While most parkas tend to be bulky and shapeless, seemingly designed for the kind of guys who’ll volunteer to spend a winter working on oil pipelines in deepest Alaska (i.e. huge), the Canada Goose Trillium parka was developed, and I quote from the Canada Goose catalog, ‘with a woman’s body structure in mind’.

The Trillium parka seems very similar to the Expedition parka I reviewed earlier in the week, the only differences being the pocket details and the fact that the Trillium has a subtly cinched waist and slimmer lines. I have to say that our friend Therese, our German guinea pig for our Gobi expedition, looked much more feminine in the Trillium than the two other girls in the group, each of whom were wearing smaller versions of what were essentially men’s parkas.

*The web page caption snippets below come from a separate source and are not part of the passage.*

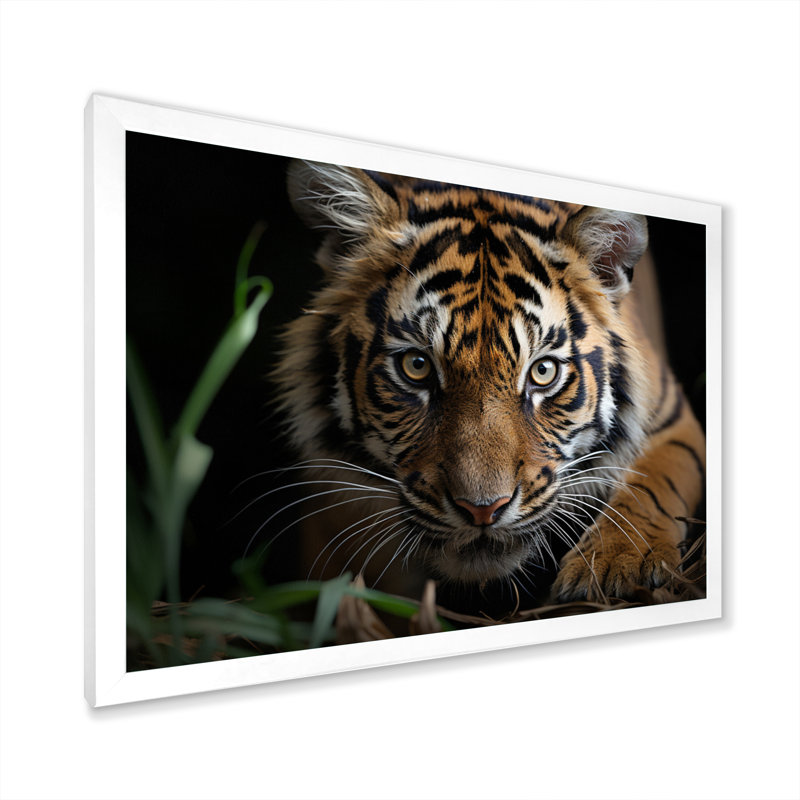 Portrait de tigre brun - art mural tigre, Cadre simple blanc, H 16 po x l 32 po x P 1 po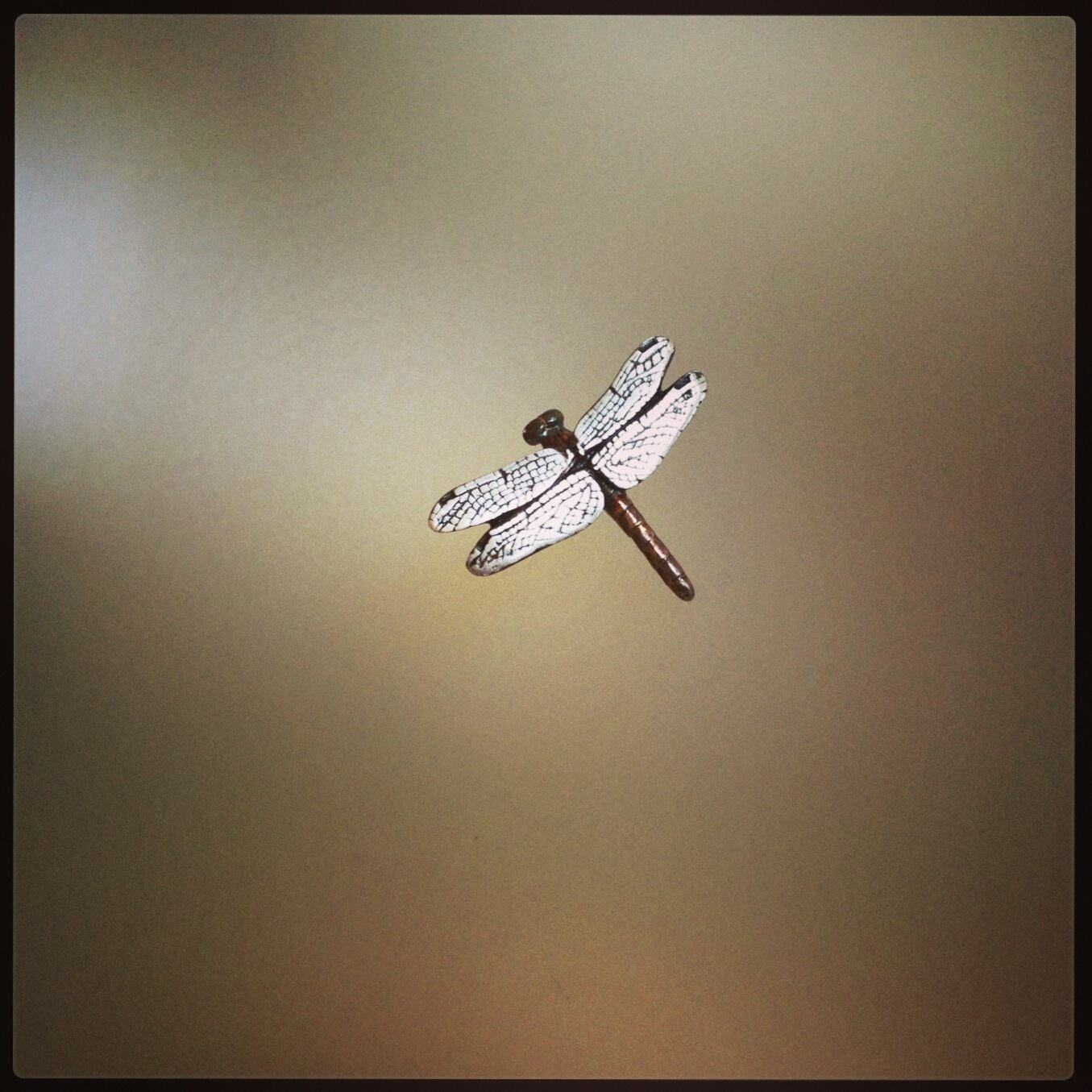 SV925】トンボバッジ | aiai生物部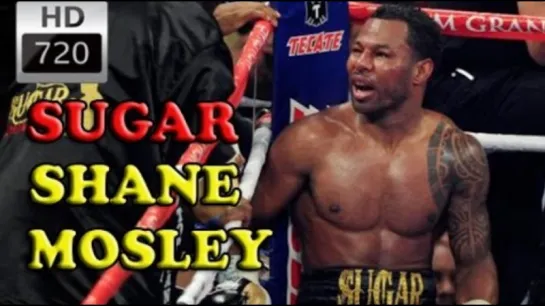 Shane Mosley - Highlights - Knockouts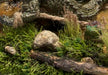 Woodland Scenics G6423 All Game Terrain Soil Base Layer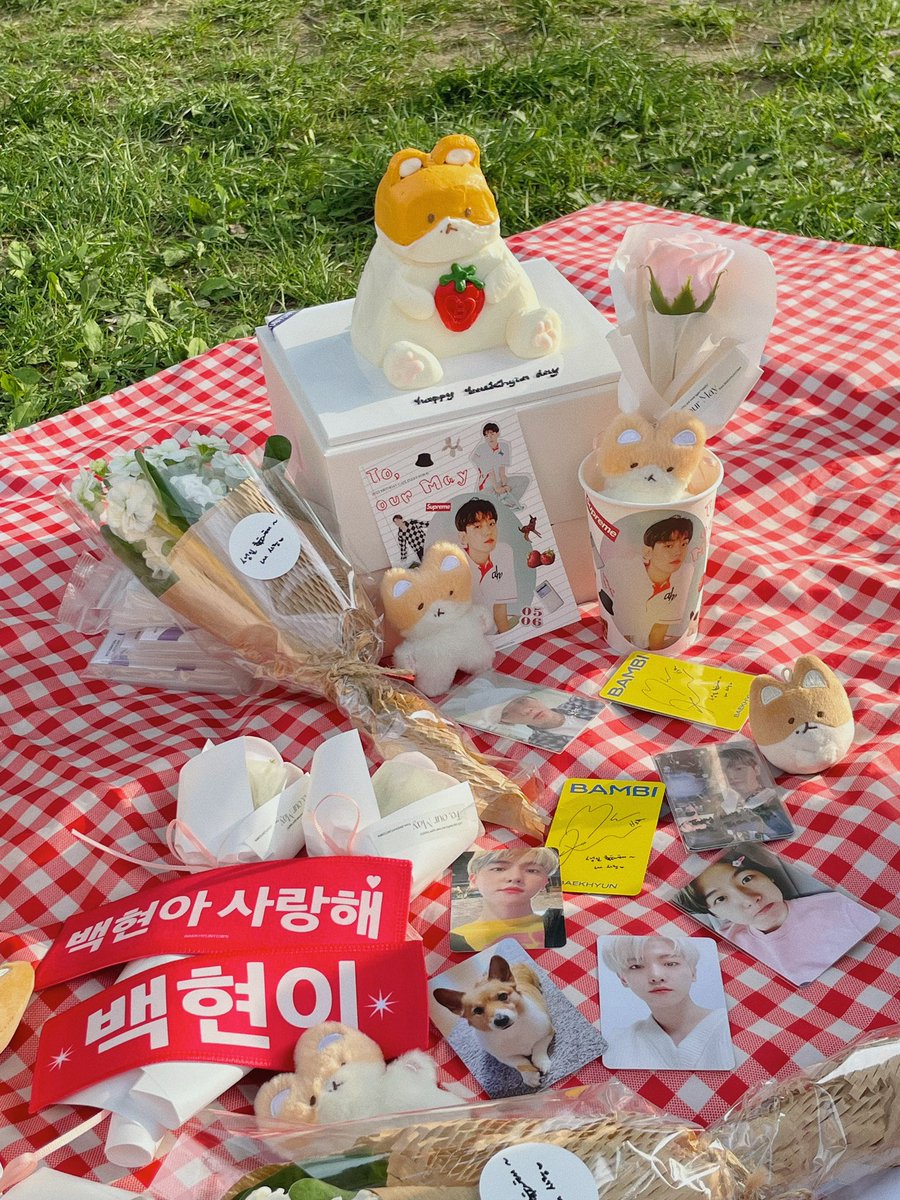 소프트백 ◜ㅅ◝ tweet media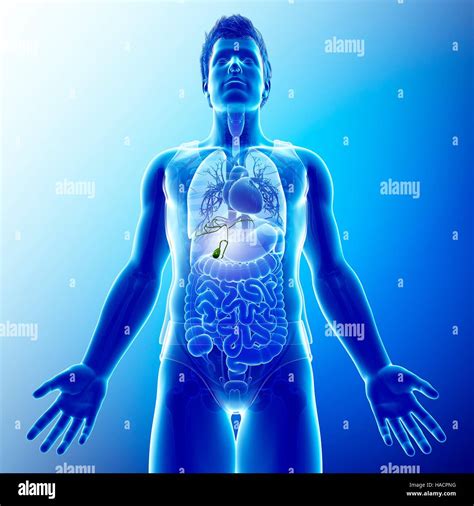 Illustration Of Male Gallbladder Stock Photo Alamy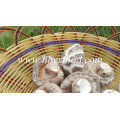 Dried White Flower Mushroom / Dong Gu Vegetable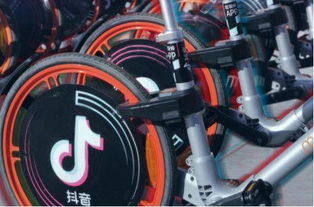 1560349593662460.jpg c99ab069cf9da83d.jpg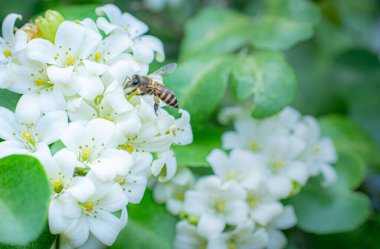 Murraya panikledi ya da adı Orang Jessamine, Çin Kutu Ağacı, Andaman Satinwood, Çin Ağacı.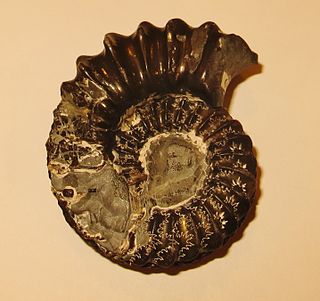 <i>Hecticoceras</i> Genus of molluscs (fossil)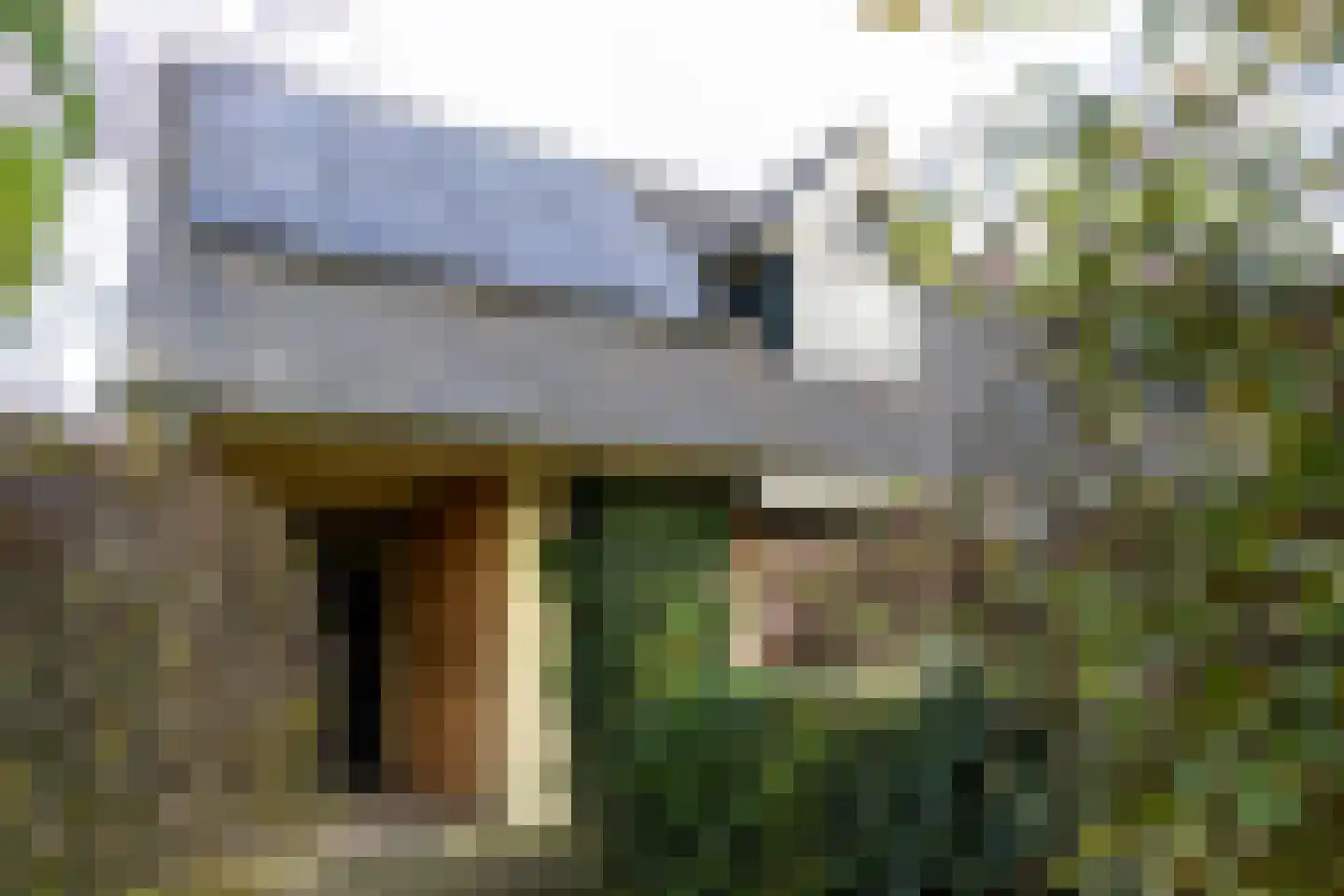 Hoenwaardseweg 15 A Hattem thumbnail 4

Like the men’s Expedition parka the Trillium shell is 195gsm Arctic-Tech; 85% polyester, 15% cotton. The lining is 55gsm Nylon plain weave treated with a water-resistant coating, and the filling is 625 fill power white duck down.


  • Mid-thigh length for maximum coverage
  • Down hood with removable coyote fur ruff
  • Lockable storm flap provides supreme wind resistance
  • 2 upper fleece lined hand warmer pockets
  • 2 lower fleece lined pockets with snaps for secure storage
  • Waist drawcord and recessed rib knit sleeves for added warmth.

Thoughts and Impressions

As is becoming embarrassingly obvious in our Canada Goose reviews (we promise they’re not slipping us free sample in return for a good writeup) we have nothing bad to say about the Canada Goose Trillium parka. Like the Expedition I reviewed earlier in the week, the Trillium stood up to gale force winds and -35 Celsius temperatures for five days without the barest hint of a problem.

Therese told me that the hood in particular was ‘sehr komfortabel’. My German studies are many years behind me, but I think the message was clear. The Trillium has a concealed snap at the base of the coyote fur ruff that allowed Therese to draw in the fur close to her face and pretty much escape the howling winds entirely.

In conclusion… well, this is my third Canada Goose review and I’m sort of running out of things to say. These are quite simply the best winter coats money can buy. Are they expensive? Hell yes. Will they do the job for a lifetime? Of course. It’s your call, but if you want my advise the Trillium is more than worth the investment.